We Asked Young Muslims in Paris About Ramadan

The challenges of fasting in the West

The holy month of Ramadan—a time when Muslims come together, endure daily fasting and take stock of their lives—is actually a month of festivities in the Muslim world. Families and friends gather every evening for Iftar and meet again for Suhoor in the early morning.

But in the West, Ramadan is a different, sometimes even an isolating experience, especially for younger demographics. This year, Muslims have to wait until 10pm to break their fast in France. While 59 percent of French Muslims age 18-44 year-old observed the month of fasting in the late 1980s, there is now over 73 percent of them fasting. But with a rise of Islamophobia, a slew of young muslims have been lead to feel more stigmatised and marginalised from the community.

MILLE caught with six young Muslims in Paris to find out what they find hard about doing Ramadan.
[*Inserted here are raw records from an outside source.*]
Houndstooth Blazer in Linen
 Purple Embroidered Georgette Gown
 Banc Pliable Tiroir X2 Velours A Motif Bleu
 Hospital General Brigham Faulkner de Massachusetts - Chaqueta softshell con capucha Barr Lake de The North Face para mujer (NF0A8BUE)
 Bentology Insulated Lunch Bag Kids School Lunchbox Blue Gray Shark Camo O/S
Ibticem Larbi, 21, graphic design and illustration student

“The most difficult thing during Ramadan is being on your own. Despite the fact that my family fasts, I spend the most part of my day outside and no one can relate to what I’m doing.”
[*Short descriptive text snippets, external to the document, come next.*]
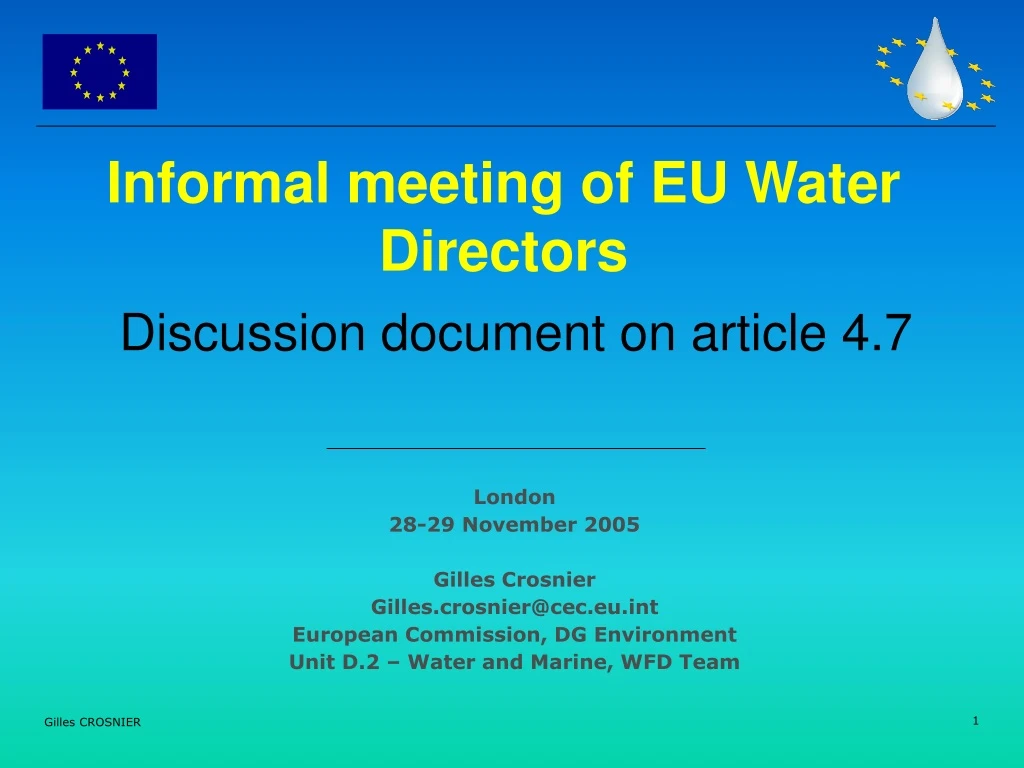 informal meeting of eu water directors n.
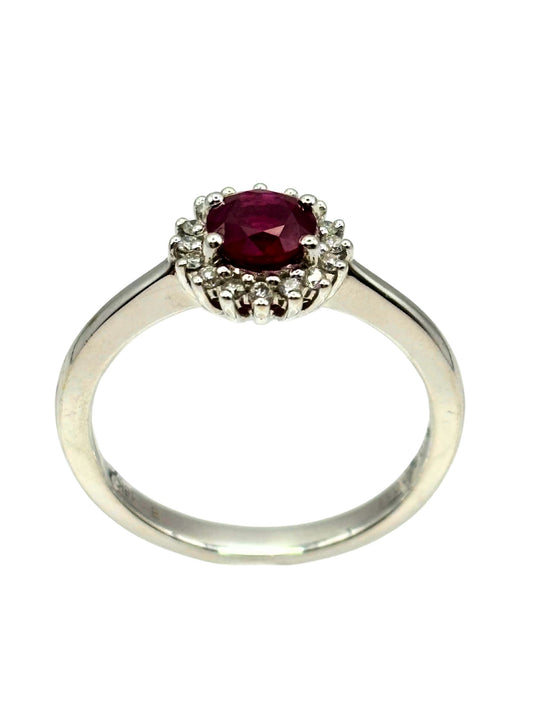 Ruby Solitaire Ring with Diamond Halo in 18kt White Gold I Ruby 0.46ct I Diamonds 0.16ct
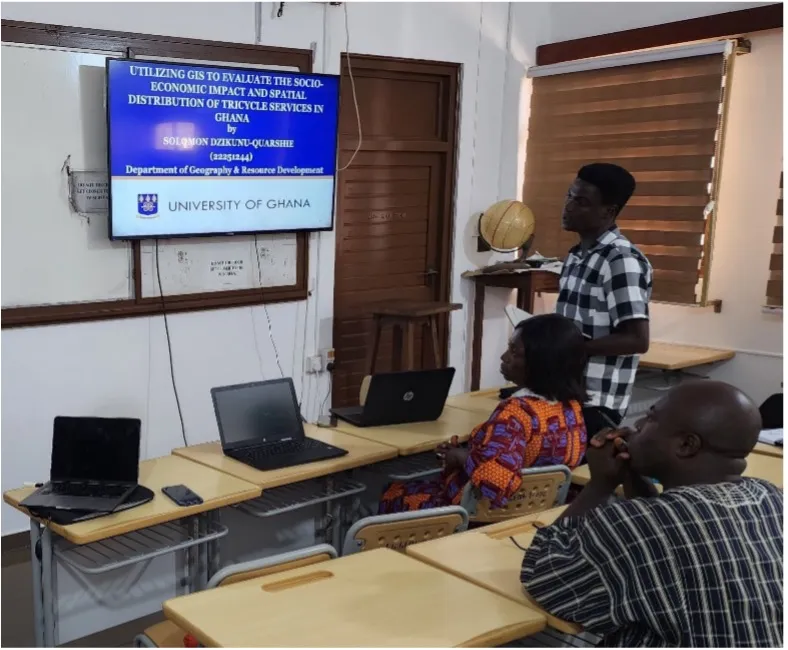 Solomon addressing the use of GIS as a tool to measure the impacts and spatial distribution of mobility networks in Ghana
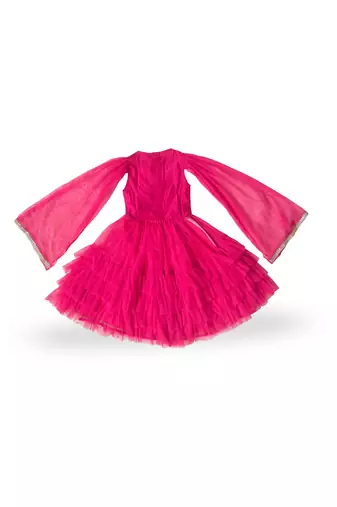 Elaisha girls embroidered top with draped sleeves & embroidered underlay ruffled skirt  - pink & off white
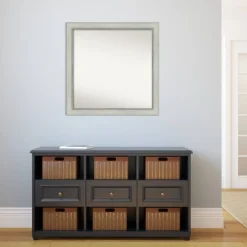 30" X 30" Non-Beveled Flair Silver Patina Wall Mirror - Amanti Art -Amanti Art GUEST 4f095475 891f 4421 8d61 dc03fad282d3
Malick Tandjigora, 23, fine art student

“The hardest thing to me is, having to slow down my rhythm and deal with boredom. Usually, I’m always out but during Ramadan, I spend more time at home chilling with my family. It’s really a challenge of self-control. Another dilemma I face is whether I should eat a lot during Iftar, go to bed and feel hungry the next day, or stay awake until Suhoor, eat well but feel tired the next day. I usually stay awake so I can do my prayer at dawn.”
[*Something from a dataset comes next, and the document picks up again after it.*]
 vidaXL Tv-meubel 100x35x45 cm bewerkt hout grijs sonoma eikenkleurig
Manon Magnez, 20, illustration student

“My experience is really personal and singular as I’m a convert. My family hasn’t accepted my conversion to Islam at all and it’s really oppressing. Sometimes they’ll try to force me to eat. I really feel lonely, but in my own home. Luckily, I have a Muslim friend who invites me at her place and her mom gives me doggy bags.”

Khalil Lotfi, 23, management student

“During Ramadan, I miss my grandmother’s home-cooked food and playing cards with my cousins all night long. Here, I break my fast with friends in restaurants and kebab shops, but it’s not the same feeling.”

Leila Nour Johnson, 27, fashion designer

“The hardest thing about Ramadan is going through the rituals on my own, as my family isn’t here. Also, I find it hard not going out anymore and socialising. It’s a lonely experience, but in my case, I don’t see the loneliness as negative: doing Ramadan is a conscious choice and a personal relationship between my faith and I.”

Sekou Camara, 26, communications student

“For me, the challenge is keeping myself busy. When I’m doing things I forget about hunger and thirstiness. Trust me, if you’re unemployed, Ramadan must be so hard! Yesterday, I took pictures all afternoon and it was okay. Exercising during Ramadan and reading books are the two things I struggle doing while fasting.”